Kafe, bar karışımı mekanın dizaynını görünce hafifçe gülümsedim. Her şey istediğim gibi olmuştu. 

"Eylülcüm her şey harika olmuş çok teşekkür ederim." Benim için zahmetten çok zevk olmuştu. Bununla uğraşırken aklımdaki her şey bir süreliğine kaybolmuştu. 
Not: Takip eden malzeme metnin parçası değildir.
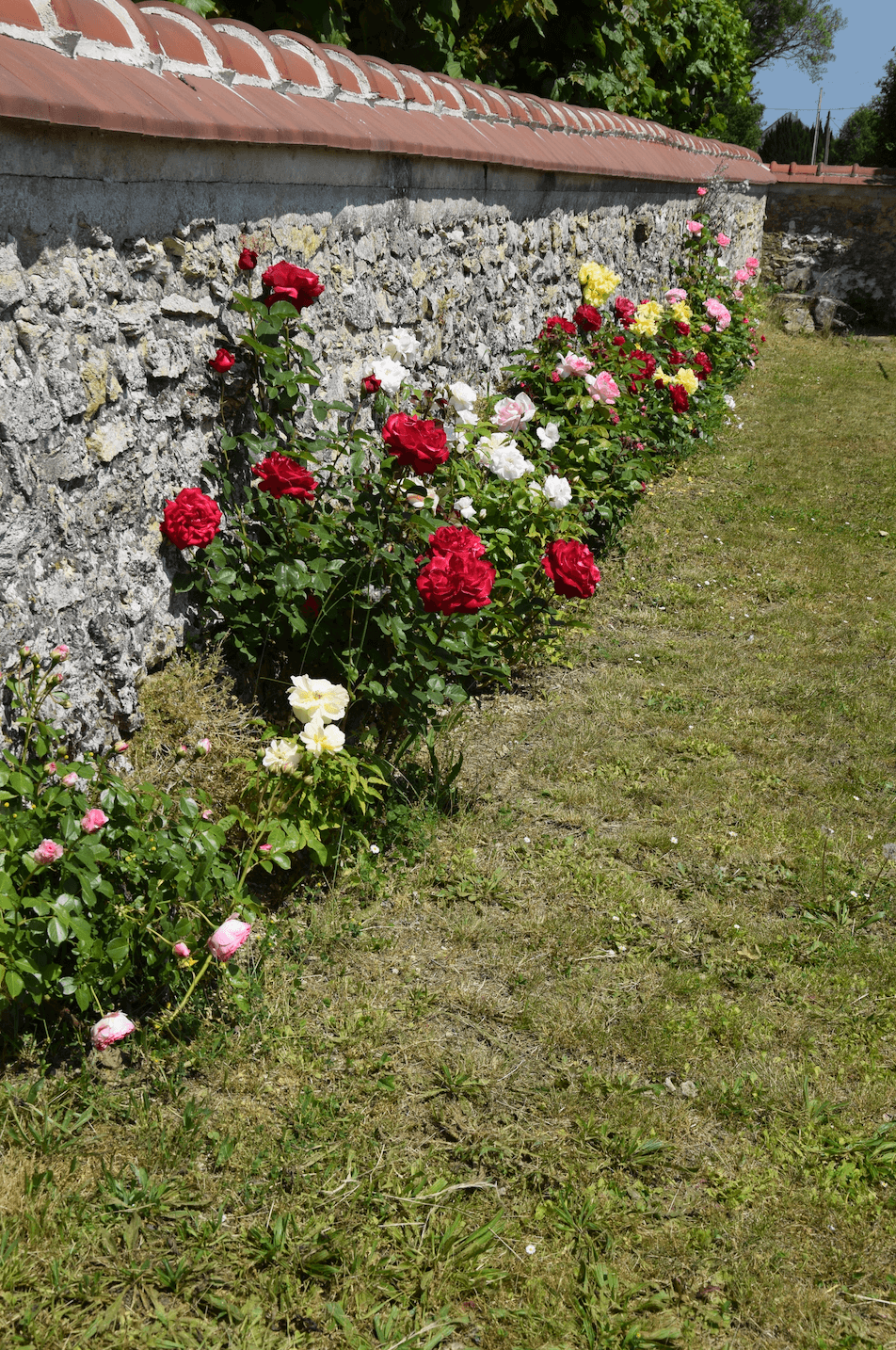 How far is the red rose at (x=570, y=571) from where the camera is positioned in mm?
3510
"Hadi o zaman kızlar! Eğlence başlasın!" 

..

Pınar Ablanın yardımıyla zorla arabadan indim. Bol eğlenceli gece sonunda bitmişti ve hafif çakırkeyif olmuştum. Sadece ben değil bütün kızlar öyleydi. Erkeklerden uzak bir gece hepimiz için iyi olmuştu. Pınar Abla, abimin yüzünden içememişti ve gece sonunda hepimizi eve bırakmakla uğraşmıştı. Sona da ben kalmıştım. Abimler daha devam ettiklerini söylemişlerdi. 

"Hadi canım, geç içeriye." Emine Teyzenin de yardımıyla odama çıktım. Onların üzerimi değiştirmesine aldırmadan kendimi yatağa attım.
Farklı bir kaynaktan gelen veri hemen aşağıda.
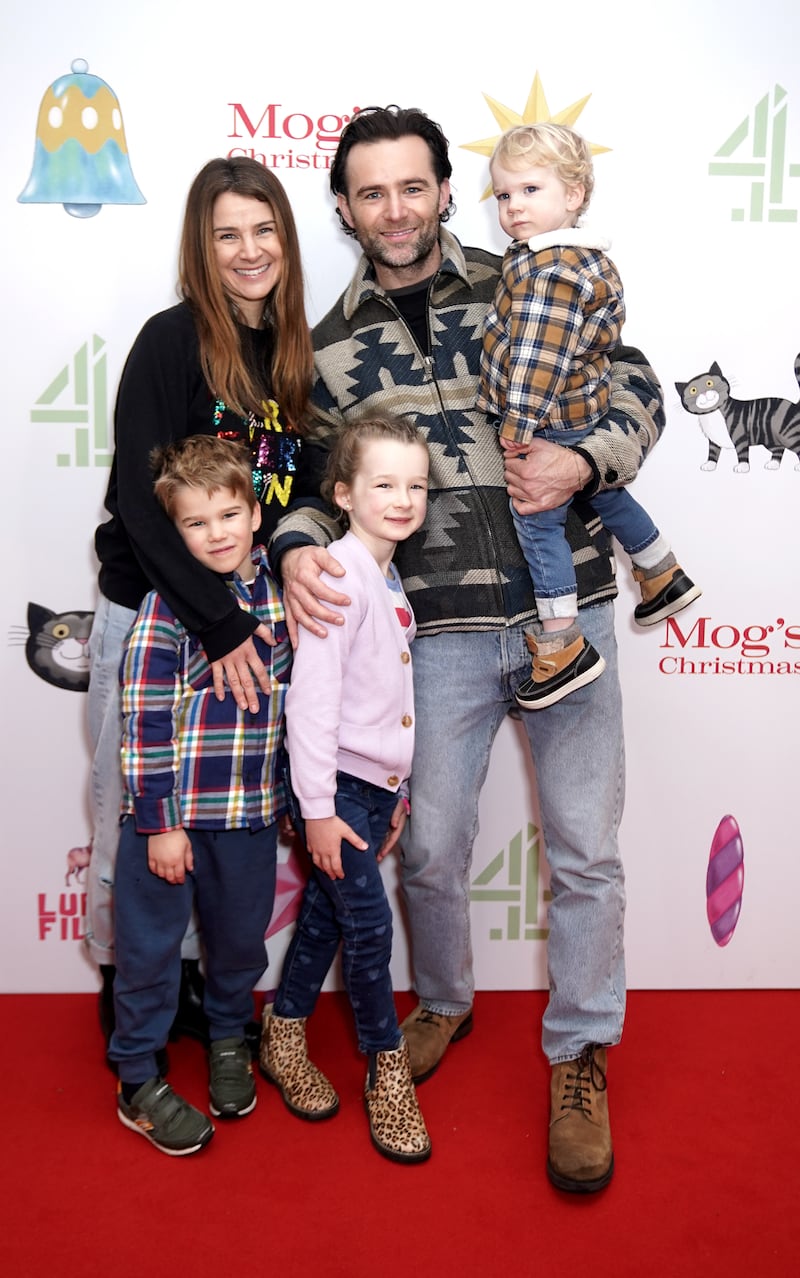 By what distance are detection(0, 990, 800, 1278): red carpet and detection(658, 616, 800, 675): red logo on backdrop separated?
86 centimetres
"Pınar Abla sende git hadi geç oldu!" dedim zar zor konuşmaya çalışarak.

"Seni böyle bırakamam canım olmaz." 

"Emine Teyzem var geç saat oldu hadi evine git." diyerek onu zorla evine gönderdim. Emine Teyzenin uzun uğraşları sonucu acı kahveyi içip kendimi yatağa bıraktım. Gözlerim kapalı olduğu için Emine Teyze uyuduğuma inanmış olacak ki ışığı ve kapıyı kapatıp odadan çıktı. İçimden gelen dürtüye engel olamayıp yataktan kalkıp telefonumu elime aldım ve numarasını silemediğim eski sevgilimi aradım. Büyük ihtimal yarın ne yaptığımı unutacağım için, onun o özlediğim sesini duyup, ağzıma geleni söyleyecektim.

"Eylül?"

"Sevgilim." dedim kahkaha atarak. 

"Eylül sen sarhoş musun?" Tekrar kahkaha attım. 
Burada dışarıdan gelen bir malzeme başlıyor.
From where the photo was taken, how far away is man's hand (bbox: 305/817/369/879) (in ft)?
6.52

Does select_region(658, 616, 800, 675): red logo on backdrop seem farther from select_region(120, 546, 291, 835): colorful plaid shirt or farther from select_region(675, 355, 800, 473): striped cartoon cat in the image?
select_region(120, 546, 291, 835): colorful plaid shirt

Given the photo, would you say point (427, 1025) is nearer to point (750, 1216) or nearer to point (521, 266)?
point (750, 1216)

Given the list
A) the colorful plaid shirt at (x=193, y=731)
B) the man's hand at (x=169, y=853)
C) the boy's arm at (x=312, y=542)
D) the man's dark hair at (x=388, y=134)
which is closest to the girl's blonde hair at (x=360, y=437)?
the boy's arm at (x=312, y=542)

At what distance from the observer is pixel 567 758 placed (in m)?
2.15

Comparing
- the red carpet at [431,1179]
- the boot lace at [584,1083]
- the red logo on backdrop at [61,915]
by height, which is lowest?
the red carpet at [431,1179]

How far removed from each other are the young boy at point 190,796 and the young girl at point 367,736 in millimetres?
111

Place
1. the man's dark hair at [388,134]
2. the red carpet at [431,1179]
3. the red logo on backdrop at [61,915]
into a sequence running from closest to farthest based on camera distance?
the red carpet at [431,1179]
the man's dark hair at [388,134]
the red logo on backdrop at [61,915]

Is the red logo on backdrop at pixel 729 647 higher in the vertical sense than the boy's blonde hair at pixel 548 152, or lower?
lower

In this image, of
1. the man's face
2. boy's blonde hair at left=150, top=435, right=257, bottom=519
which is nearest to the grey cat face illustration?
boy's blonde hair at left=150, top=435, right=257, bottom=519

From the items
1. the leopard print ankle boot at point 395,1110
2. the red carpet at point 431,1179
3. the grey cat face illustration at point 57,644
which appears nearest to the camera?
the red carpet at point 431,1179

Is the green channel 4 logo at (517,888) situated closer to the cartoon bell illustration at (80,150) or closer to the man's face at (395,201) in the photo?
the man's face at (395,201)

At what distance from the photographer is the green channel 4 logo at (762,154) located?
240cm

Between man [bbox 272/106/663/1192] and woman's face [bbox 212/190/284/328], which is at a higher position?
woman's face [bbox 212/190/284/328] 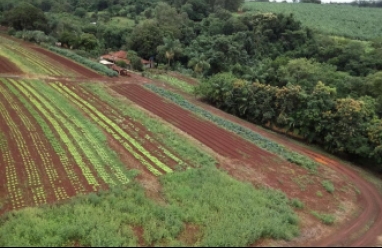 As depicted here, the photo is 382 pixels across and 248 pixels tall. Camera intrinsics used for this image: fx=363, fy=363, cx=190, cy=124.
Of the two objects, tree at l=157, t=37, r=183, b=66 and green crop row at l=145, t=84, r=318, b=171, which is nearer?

"Ben sana sarhoştum ama sende beni bıraktın." Bu sefer gülmeyi bırakmış, göz yaşlarım akmaya başlamıştı. 

"Eylül güzelim ağlama hadi. Sen iyi değilsin kapat telefonu." 

"Artık sesimi de mi duymaya dayanamıyorsun? Nehir'i benden daha mı çok seviyorsun Rüzgar? Beni hiç mi sevmemiştin?" diyerek hıçkırarak ağlamaya başladım. Uzun süredir içimde tutmaya çalıştıklarımı sesli bir şekilde söylemek iyi gelmişti. 

"Deli gibi sevdim. Seviyorum." Kısık sesle söylemişti ama duymuştum. Neden yalan atıyordu ki? Neden beni sevdiğini söyleyip daha da üzüyordu? 

"Neden bıraktın o zaman? Neden terk ettin beni!" derken bağırarak konuşup ağlıyordum. İntikam diyerek bırakmıştı beni. Bu kadar mı büyüktü de öfkesi beni bu hale getirmişti? Mideme giren ağrıyla ağzımdan kaçan ah sesine engel olamadım. Sanırım alkol etkisini vücudumda göstermeye başlamıştı. 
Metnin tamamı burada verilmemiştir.